Lean Implementation: LPS Construction
def buildLPS (pattern : Array Char) : Array Nat :=
Id.run do
let mut lps := Array.mkArray pattern.size 0
let mut len := 0
let mut i := 1
while i < pattern.size do
if pattern[i]! = pattern[len]! then
len := len + 1
lps := lps.set! i len
i := i + 1
else if len > 0 then
len := lps[len - 1]!
else
lps := lps.set! i 0
i := i + 1
return lps
The preprocessing cost is linear in the pattern length.
Search Phase
Suppose:
Text: ABABDABACDABABCABAB
Pattern: ABABCABAB
During matching:
ABABC
matches successfully.
A mismatch occurs later.
Instead of restarting from the beginning:
ABABCABAB
^
KMP consults the LPS table and jumps directly to the next valid state.
No character in the text is revisited.
This property gives KMP its linear running time.
Lean Implementation: Search
def kmpSearch
(text pattern : Array Char)
: List Nat :=
if pattern.isEmpty then
[0]
else
let lps := buildLPS pattern
let rec loop
(i j : Nat)
(acc : List Nat) :=
if h : i = text.size then
acc.reverse
else if text[i]! = pattern[j]! then
let i := i + 1
let j := j + 1
if j = pattern.size then
let pos := i - j
loop i lps[j - 1]! (pos :: acc)
else
loop i j acc
else if j > 0 then
loop i lps[j - 1]! acc
else
loop (i + 1) j acc
loop 0 0 []
Example Walkthrough
Search:
Text: ABABABABC
Pattern: ABABC
Matching progresses:
ABAB
ABAB
Mismatch:
ABABA
ABABC
^
The naive algorithm would restart.
KMP observes:
AB
is both a prefix and a suffix.
Search resumes immediately from the corresponding pattern position.
The previous work is preserved.
Why KMP Is Linear
The key observation is that neither text indices nor pattern indices move backward unnecessarily.
Each text character:
T[i]
is examined at most a constant number of times.
Each pattern character contributes to a bounded number of transitions.
Therefore:
Preprocessing = O(m)
Search = O(n)
Total:
O(n + m)
where:
| Symbol | Meaning |
|---|---|
| n | Text length |
| m | Pattern length |
Comparison with Naive Matching
| Algorithm | Worst Case |
|---|---|
| Naive | O(nm) |
| KMP | O(n + m) |
For:
n = 1,000,000
m = 1,000
the difference can be enormous.
The naive algorithm may perform billions of comparisons.
KMP remains proportional to the combined size of the text and pattern.
Correctness
KMP maintains the invariant:
Pattern[0..j-1]
matches:
Text[i-j..i-1]
at every step.
When a mismatch occurs, the LPS table identifies the largest prefix that can still match.
No valid occurrence is skipped because every shift preserves all information implied by previous comparisons.

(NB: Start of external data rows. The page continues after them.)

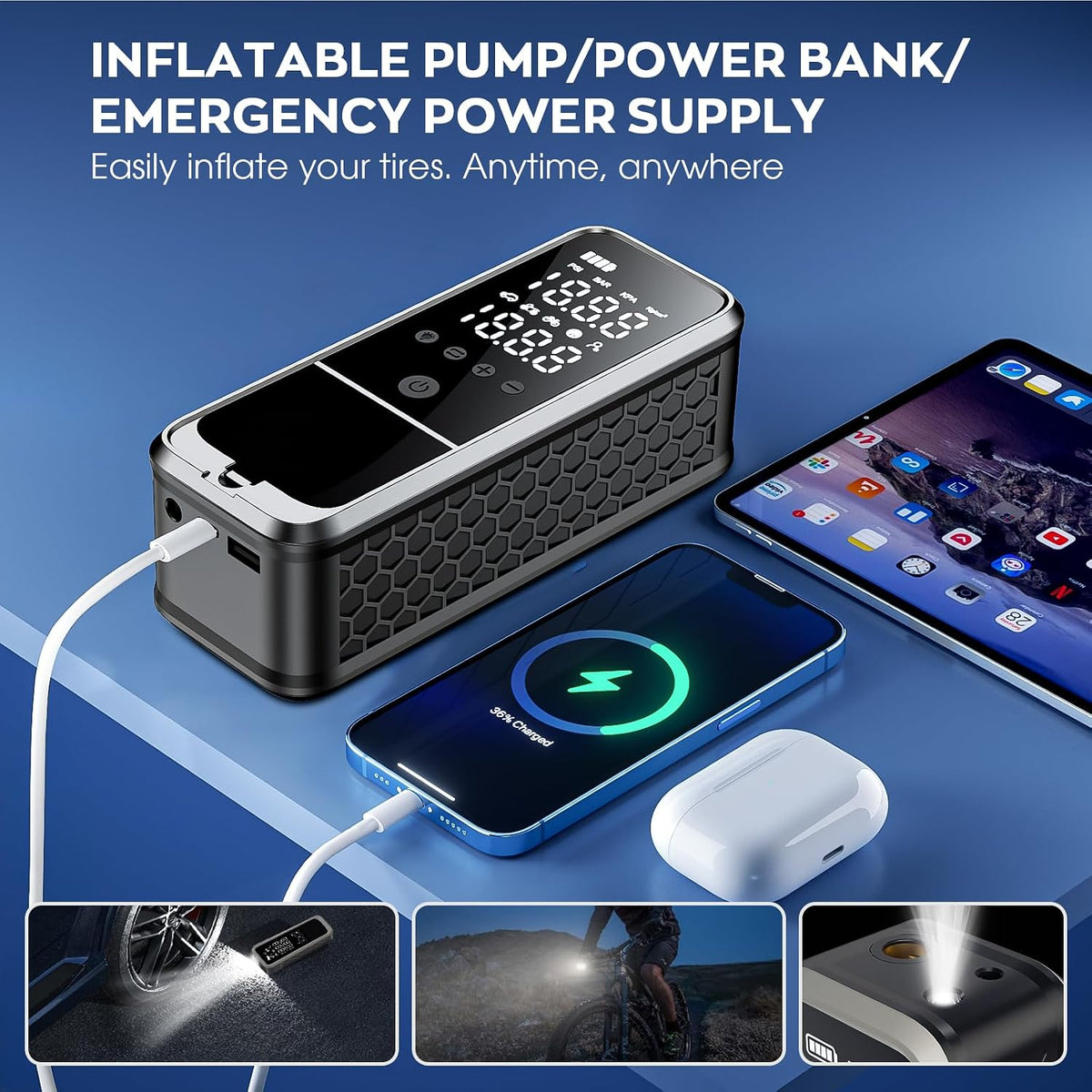 KZKB Compresor de aire portátil para inflar neumáticos, bomba de ai...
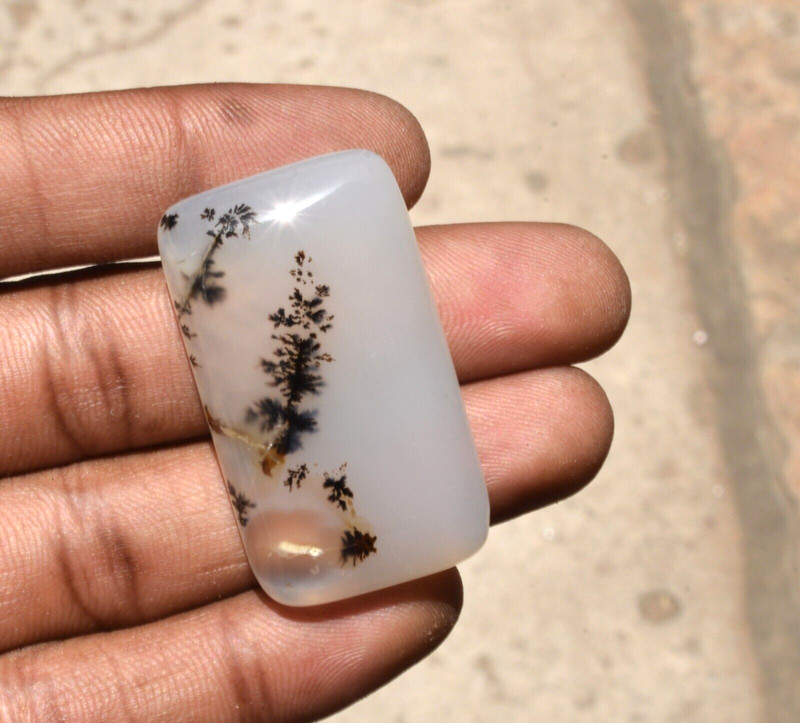 Natural Scenic Dendritic Agate Cushion Cabochon 40x24 MM Gemstone 79 Cts gallery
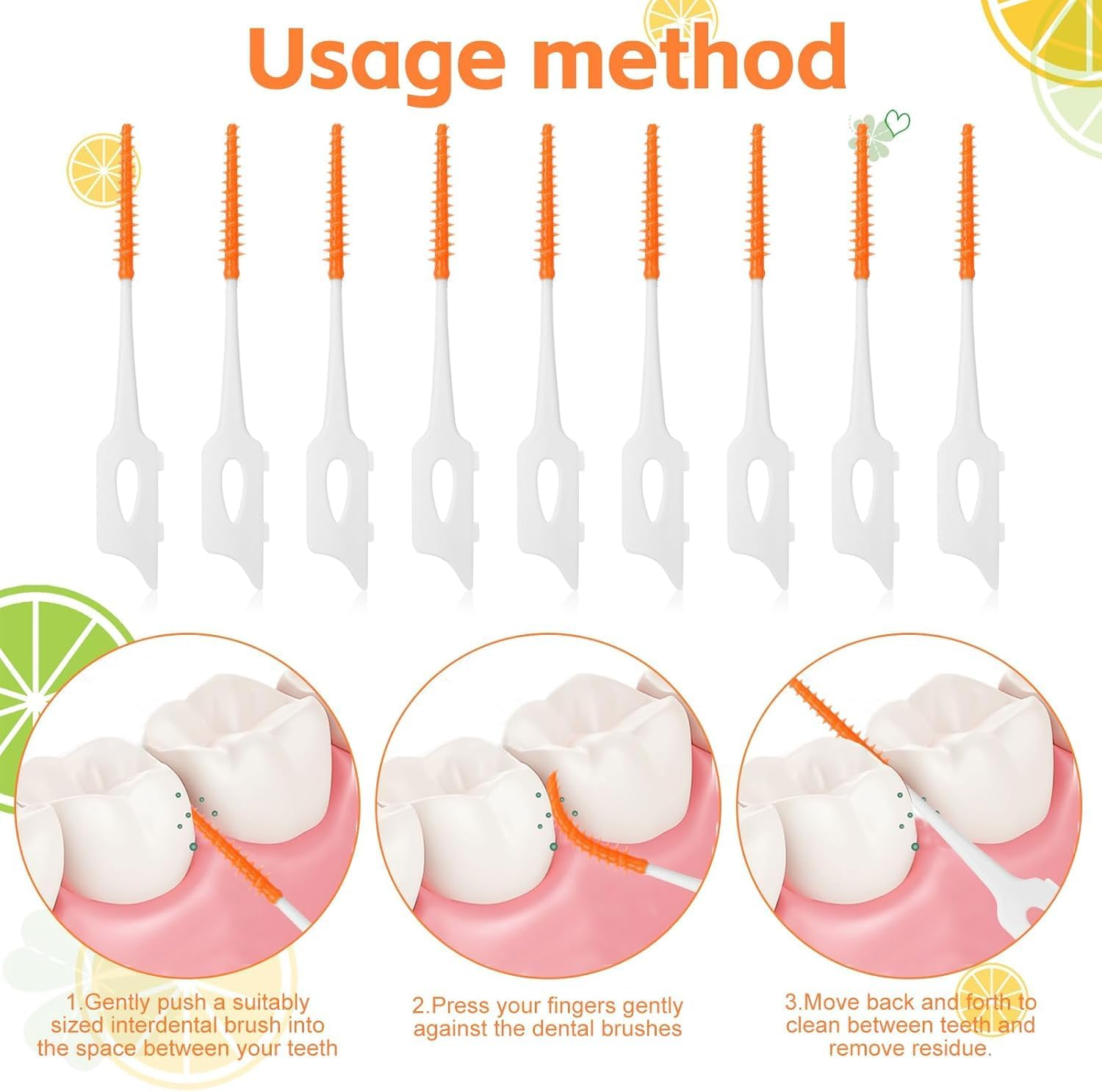 Dental Floss Picks Soft Interdental Brush, Braces Brush, Floss Picks for Teeth, Disposable Interdental Brush, Suitable for Cleaning Teeth Health (Orange) - Blue image number 4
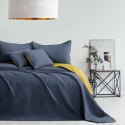 Narzuta SOFTA kolor grafitowy gładki materiał mikrofibra 170x210 AmeliaHome - BEDS/AH/SOFTA/CHARCOAL+HONEY/170x210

Every reported position corresponds to a complete match, and every complete match is eventually discovered.
Complexity Analysis
| Operation | Complexity |
|---|---|
| Build LPS | O(m) |
| Search | O(n) |
| Total | O(n + m) |
| Extra memory | O(m) |
When to Use KMP
KMP is an excellent choice when:
- The pattern is searched many times.
- Worst-case guarantees matter.
- Deterministic performance is required.
- The pattern contains repeated prefixes.
- Memory usage should remain small.
KMP introduced one of the most important ideas in algorithm design: preprocessing the pattern so that information learned during matching is never wasted. This concept reappears throughout string algorithms, indexing structures, dynamic programming, and automata theory.